## Aim of the exercise
Once you find the line with "Decor Lighting Seap" in the data below, transcribe exactly each line from there to the line with "Puzzle Blocs Jardin", inclusive, and nothing else. Drop the pictures.

## The data
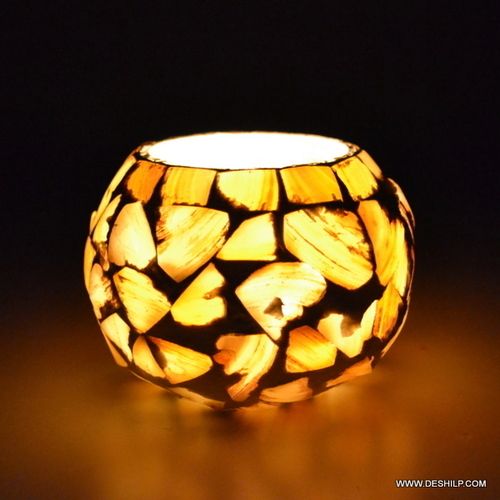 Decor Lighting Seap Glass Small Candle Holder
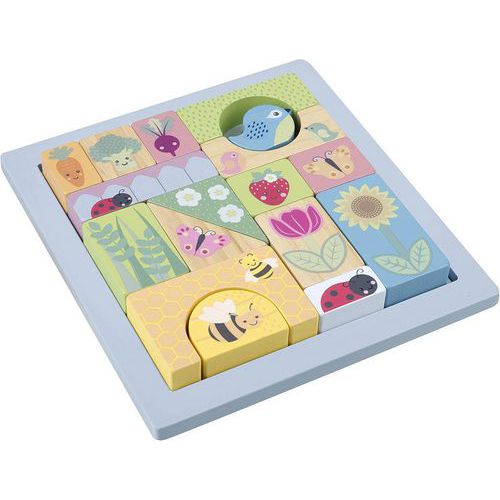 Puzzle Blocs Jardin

* * *

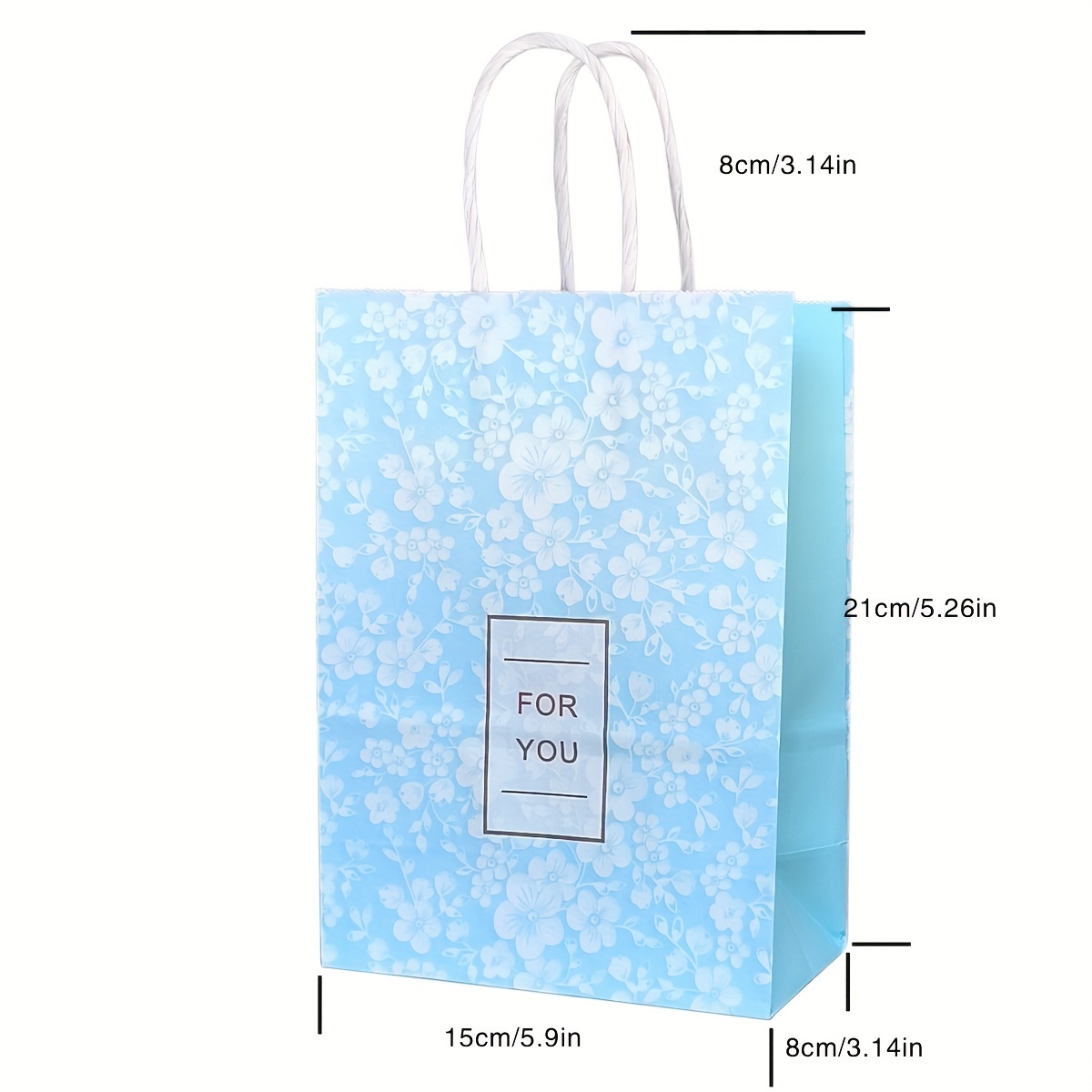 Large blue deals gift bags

...

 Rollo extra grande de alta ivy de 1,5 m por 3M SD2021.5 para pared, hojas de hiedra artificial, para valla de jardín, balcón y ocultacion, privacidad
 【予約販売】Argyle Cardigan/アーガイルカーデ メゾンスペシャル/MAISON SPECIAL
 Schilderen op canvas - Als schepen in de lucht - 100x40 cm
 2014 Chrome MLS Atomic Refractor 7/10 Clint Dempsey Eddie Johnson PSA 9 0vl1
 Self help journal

## Exercise solution
 Decor Lighting Seap Glass Small Candle Holder
 Puzzle Blocs Jardin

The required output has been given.